Embedding SPDX into binaries
Embedding package information into binaries can enable SCA tools and scanners to detect dependencies and check them for vulnerabilities, without needing a separate mechanism to transfer an SBOM.
- golang binaries embed dependency information in them by default, and scanners like trivy and syft can detect those dependencies.
- https://github.com/ossf/wg-vulnerability-disclosures/issues/76 seeks a solution to enable scanners to detect software in self-compiled (i.e non-distro packaged) software, as is commonly the case in container images
- A prototype for embedding Rust dependency information into Rust binares: https://github.com/Shnatsel/rust-audit/. This currently embeds a Rust specific, compressed JSON section into binaries. The Rust Secure Code Working Group is exploring whether an existing, language-agnostic format could be used instead.

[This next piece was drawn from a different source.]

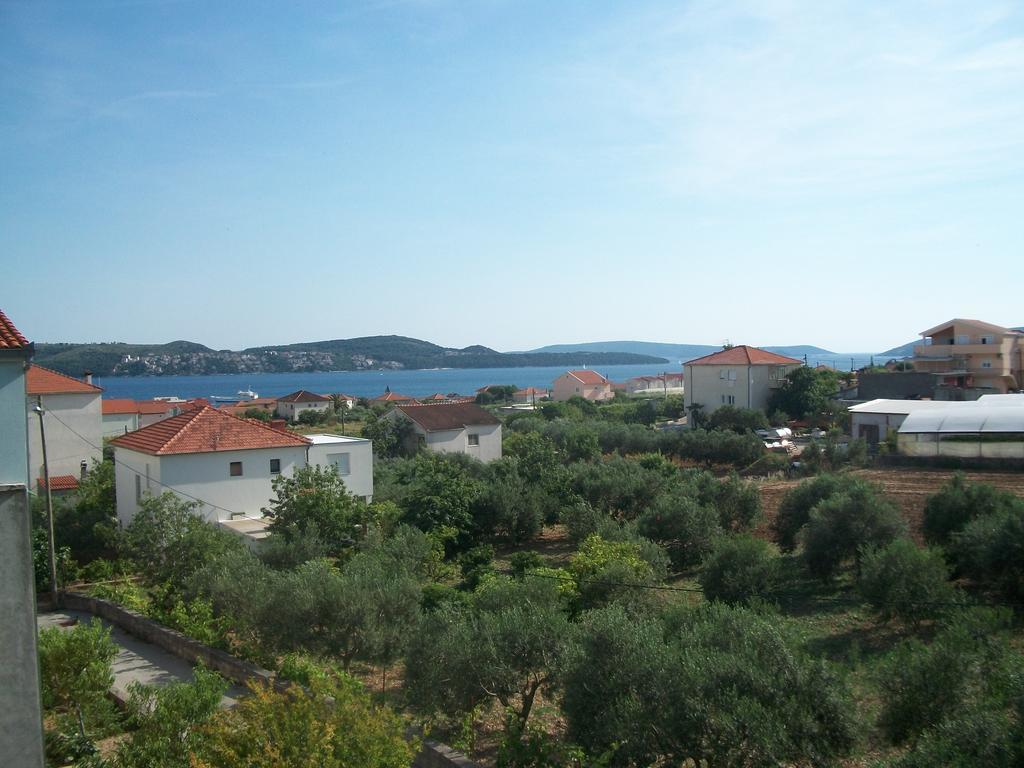 Apartment Luka Trogir Eksteriør billede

SPDX, or SPDX Lite, documents could seemingly be embedded into a binary by a producer and detected by scanning tools. Some possible drawbacks:
- SPDX documents must contain the date of creation of the document. For this to co-exist with reproducible builds creators of tools to embed SPDX into binaries would need to consider options at reproducible-builds.org/de/docs/timestamps/
- The SPDX document couldn't meaningfully contain a checksum of the binary itself
- Increase in binary size. rust-audit compresses dependency info using zlib, which SPDX could also allow
Are there any reasons that would make SPDX/SPDX Lite an unsuitable format for this use case?
Hi @tofay, good thoughts and good questions. I think this is interesting, and tend to agree that items 1 and particularly 2 from your list are likely to be the major drawbacks to an approach of embedding the document directly in the binary itself.
This may not be directly on point, but two prior discussions that might be of interest to you is at https://github.com/spdx/spdx-spec/issues/439 and https://github.com/spdx/spdx-spec/issues/502. These were about the idea of having a sort of proto-manifest (and in the case of #502 at least, something lighter than SPDX-Lite) in a project or code repo, which could then in theory be auto-generated into a full SPDX document for a recipient of the code.
I don't think this directly answers the question you're thinking about, but the discussions in those threads might be relevant as you're thinking about this (even though I believe both of those were idea threads that haven't yet been agreed-upon or fully baked).
Those linked issues are interesting, thanks. #439 overlaps in particular points desire to standardize the attachment of an SPDX document to a "package" (in that case a directory). I don't think this use case needs a new sub-format though.
Could the spdx-spec have a new appendix for attaching/embedding scenarios? That would enable scanning tools to look in specific locations.
Relatedly, I also saw that some IANA types are registered for SPDX which can be used to attach SBOMs to OCI artifacts.
### Sample appendix
SPDX Documents may be embedded into or attached to artifacts.
ELF files and Portable Executables: Embed SBOM document into a section named one of:
- `.spdx`
- `.spdx.yaml`
- `.spdx.json`
depending on the format of the document.
<discuss caveats like reproducibility/checksum of binary itself>
OCI artifacts: When SBOMs are attached as ORAS Artifacts to an OCI artifact, the following [artifact type](https://github.com/oras-project/artifacts-spec/blob/main/artifact-manifest.md#oras-artifact-manifest-properties)) should be used
- [application/spdx+json](https://www.iana.org/assignments/media-types/application/spdx+json) for SPDX documents in JSON format
- [text/spdx](https://www.iana.org/assignments/media-types/text/spdx) for SPDX documents in key value format
Some other concerns:
- PE section names can be maximum 8 characters in length
- compression data (native compression could be used for ELF)
Moving to SPDX 3.1 for consideration.